Tinkex.Tokenizer (Tinkex v0.3.4)
View SourceTokenization entrypoint for the Tinkex SDK.
This module will wrap the HuggingFace tokenizers NIF, resolve tokenizer IDs
(TrainingClient metadata + Llama-3 hack), and coordinate caching strategy via
ETS handles. Tokenizers are keyed by the resolved tokenizer ID and reused
across calls to avoid repeated downloads. Chat templating is out of scope for
v1.0; callers must provide fully formatted prompts/strings before encoding.
Summary
Functions
Return the ETS table used for tokenizer caching.
Decode token IDs back to text using a cached tokenizer.
Encode text into token IDs using a cached tokenizer.
Convenience alias for encode/3.
Get a tokenizer handle from cache or load and cache it using the resolved ID.

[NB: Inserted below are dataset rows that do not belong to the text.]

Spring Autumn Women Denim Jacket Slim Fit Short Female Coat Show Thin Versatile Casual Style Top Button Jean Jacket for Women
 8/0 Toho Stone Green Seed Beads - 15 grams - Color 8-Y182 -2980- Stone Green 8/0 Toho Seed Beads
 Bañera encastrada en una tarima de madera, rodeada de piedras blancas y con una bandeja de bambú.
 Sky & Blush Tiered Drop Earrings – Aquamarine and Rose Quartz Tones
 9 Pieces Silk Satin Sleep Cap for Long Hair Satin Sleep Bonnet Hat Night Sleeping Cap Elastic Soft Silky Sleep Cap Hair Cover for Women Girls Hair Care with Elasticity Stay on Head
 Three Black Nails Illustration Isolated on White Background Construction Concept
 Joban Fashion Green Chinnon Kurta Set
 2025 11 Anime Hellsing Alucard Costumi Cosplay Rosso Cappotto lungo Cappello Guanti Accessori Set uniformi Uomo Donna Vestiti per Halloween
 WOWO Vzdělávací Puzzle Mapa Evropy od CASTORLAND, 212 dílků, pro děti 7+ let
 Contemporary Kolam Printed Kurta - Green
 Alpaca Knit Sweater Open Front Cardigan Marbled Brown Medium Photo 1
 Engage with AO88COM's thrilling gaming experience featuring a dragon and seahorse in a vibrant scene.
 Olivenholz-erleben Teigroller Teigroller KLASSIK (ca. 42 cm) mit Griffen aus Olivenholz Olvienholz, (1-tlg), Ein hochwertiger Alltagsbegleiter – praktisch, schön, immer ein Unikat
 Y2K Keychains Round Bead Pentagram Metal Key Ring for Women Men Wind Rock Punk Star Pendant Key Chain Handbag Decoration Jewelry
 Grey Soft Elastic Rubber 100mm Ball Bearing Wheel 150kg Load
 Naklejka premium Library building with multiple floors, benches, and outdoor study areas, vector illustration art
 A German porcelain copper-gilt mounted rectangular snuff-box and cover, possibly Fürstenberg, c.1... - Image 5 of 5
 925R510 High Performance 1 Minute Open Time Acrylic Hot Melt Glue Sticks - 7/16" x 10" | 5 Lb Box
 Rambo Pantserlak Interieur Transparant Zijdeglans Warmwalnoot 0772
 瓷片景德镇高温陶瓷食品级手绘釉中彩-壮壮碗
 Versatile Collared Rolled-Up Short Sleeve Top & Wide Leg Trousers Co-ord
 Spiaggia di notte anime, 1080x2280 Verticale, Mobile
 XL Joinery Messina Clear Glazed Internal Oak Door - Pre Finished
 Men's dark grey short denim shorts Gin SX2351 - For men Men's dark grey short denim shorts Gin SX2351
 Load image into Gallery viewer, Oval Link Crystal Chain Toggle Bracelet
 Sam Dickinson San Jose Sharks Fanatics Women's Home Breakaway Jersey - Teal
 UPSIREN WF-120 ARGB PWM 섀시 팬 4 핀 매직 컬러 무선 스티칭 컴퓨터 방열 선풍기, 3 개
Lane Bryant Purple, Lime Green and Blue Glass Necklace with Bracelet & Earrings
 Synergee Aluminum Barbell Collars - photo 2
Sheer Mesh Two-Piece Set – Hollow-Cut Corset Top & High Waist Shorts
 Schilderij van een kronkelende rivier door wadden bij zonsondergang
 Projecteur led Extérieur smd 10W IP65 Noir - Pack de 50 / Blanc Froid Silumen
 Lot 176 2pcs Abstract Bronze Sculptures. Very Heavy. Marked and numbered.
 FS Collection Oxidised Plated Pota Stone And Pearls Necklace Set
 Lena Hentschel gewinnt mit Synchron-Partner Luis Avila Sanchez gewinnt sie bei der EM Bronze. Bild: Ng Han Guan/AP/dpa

Resolve the tokenizer ID for the given model.
Types
@type handle() :: Tokenizers.Tokenizer.t() | TiktokenEx.Encoding.t()
Loaded tokenizer handle.
@type tokenizer_id() :: String.t()
Identifier for a tokenizer (e.g., HuggingFace repo name).
Functions
Return the ETS table used for tokenizer caching.
Tests can override this via __supertester_set_table__/2.
@spec decode([integer()], tokenizer_id() | String.t(), keyword()) :: {:ok, String.t()} | {:error, Tinkex.Error.t()}
Decode token IDs back to text using a cached tokenizer.
Mirrors encode/3 with the same caching and error contract.
@spec encode(String.t(), tokenizer_id() | String.t(), keyword()) :: {:ok, [integer()]} | {:error, Tinkex.Error.t()}
Encode text into token IDs using a cached tokenizer.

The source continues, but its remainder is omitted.